───── PROVIDED INFORMATION ─────
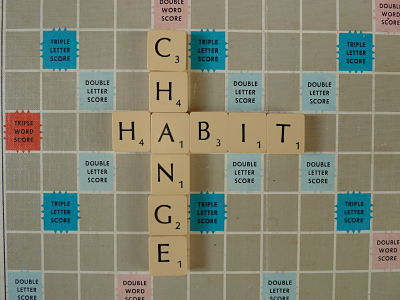 Habit and change spelled with Scrabble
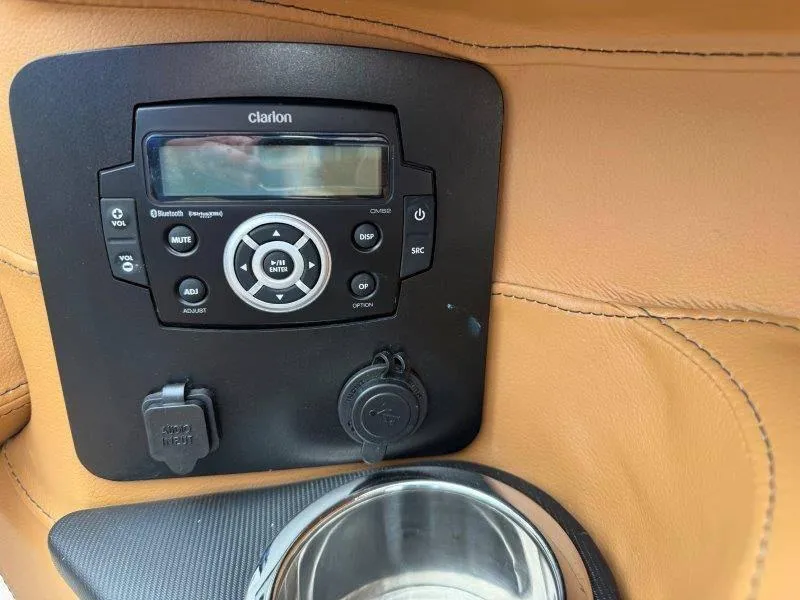 Slide: The Image of Clarion audio system in 2022 Chaparral 287 SSX boat with cup holder. - 32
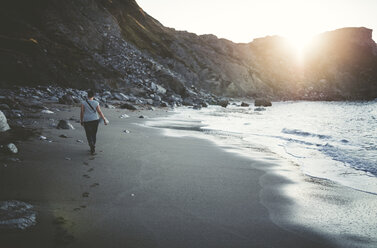 Spain, Ortigueira, woman walking on the sandy beach at twilight - RAEF000345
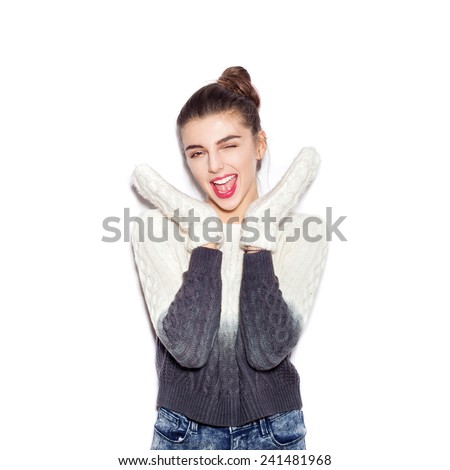 Happy young woman experiencing the joy raising her hands up. Beautiful Girl opening Mouth. Emotion.  Hairstyle. Make-up.  White background, not isolated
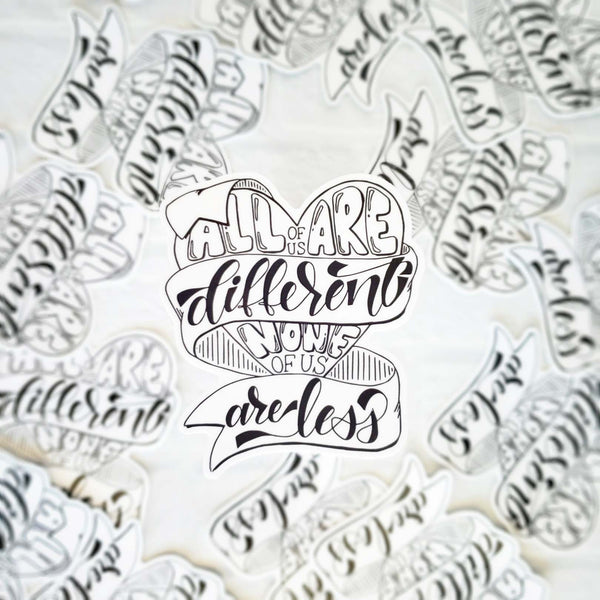 3" hand lettered, illustrated, black and white vinyl sticker saying all of us are different none of us are less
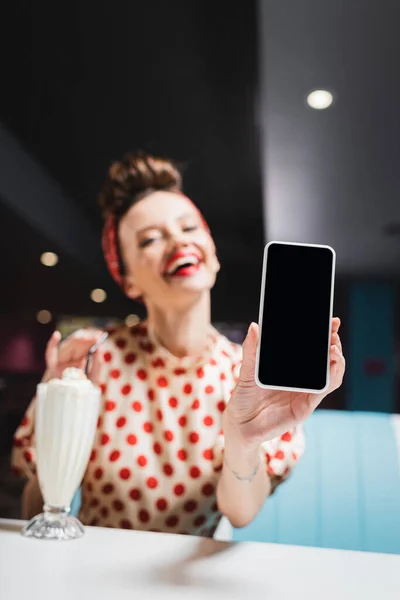 Mujer pin up borrosa y feliz sosteniendo teléfono inteligente con pantalla en blanco - foto de stock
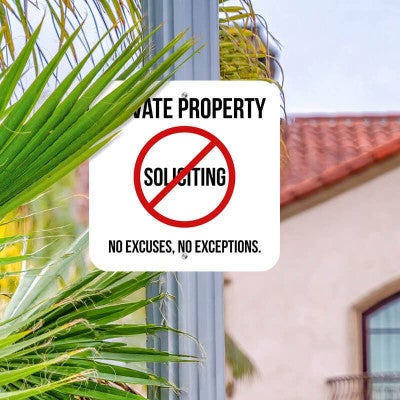 Private property No soliciting sign hung on a metal post reading, "No excuses, no exceptions"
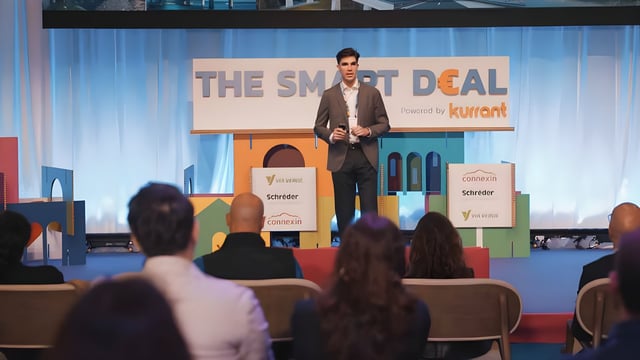 A man presents on a stage with "The Smart Deal powered by Kurrant" signage before an audience at a conference.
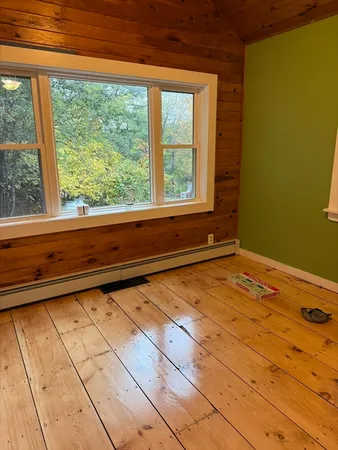 a view of a room with wooden floor and iron stairs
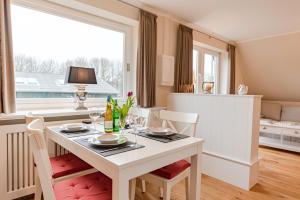a dining room with a white table and chairs at White House Ferienwohnung 2 in Alkersum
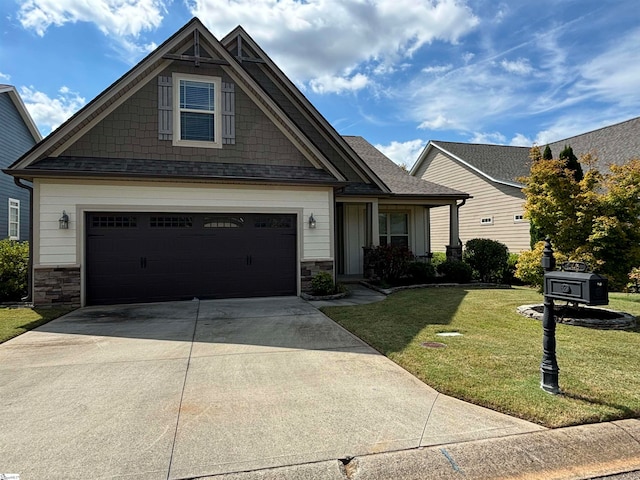 craftsman house with a garage and a front lawn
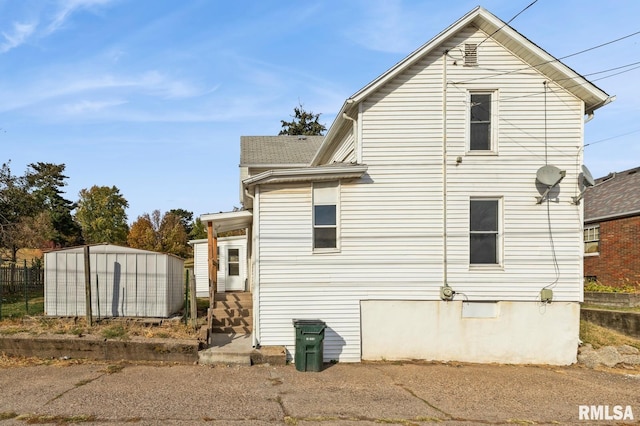 view of property exterior with an outdoor structure and a storage unit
─────
WORK TASK:
A word-for-word copy of the entries above is what is needed, without any images.

YOUR SOLUTION:
 Habit and change spelled with Scrabble
 Slide: The Image of Clarion audio system in 2022 Chaparral 287 SSX boat with cup holder. - 32
 Spain, Ortigueira, woman walking on the sandy beach at twilight - RAEF000345
 Happy young woman experiencing the joy raising her hands up. Beautiful Girl opening Mouth. Emotion.  Hairstyle. Make-up.  White background, not isolated
 3" hand lettered, illustrated, black and white vinyl sticker saying all of us are different none of us are less
 Mujer pin up borrosa y feliz sosteniendo teléfono inteligente con pantalla en blanco - foto de stock
 Private property No soliciting sign hung on a metal post reading, "No excuses, no exceptions"
 A man presents on a stage with "The Smart Deal powered by Kurrant" signage before an audience at a conference.
 a view of a room with wooden floor and iron stairs
a dining room with a white table and chairs at White House Ferienwohnung 2 in Alkersum
 craftsman house with a garage and a front lawn
 view of property exterior with an outdoor structure and a storage unit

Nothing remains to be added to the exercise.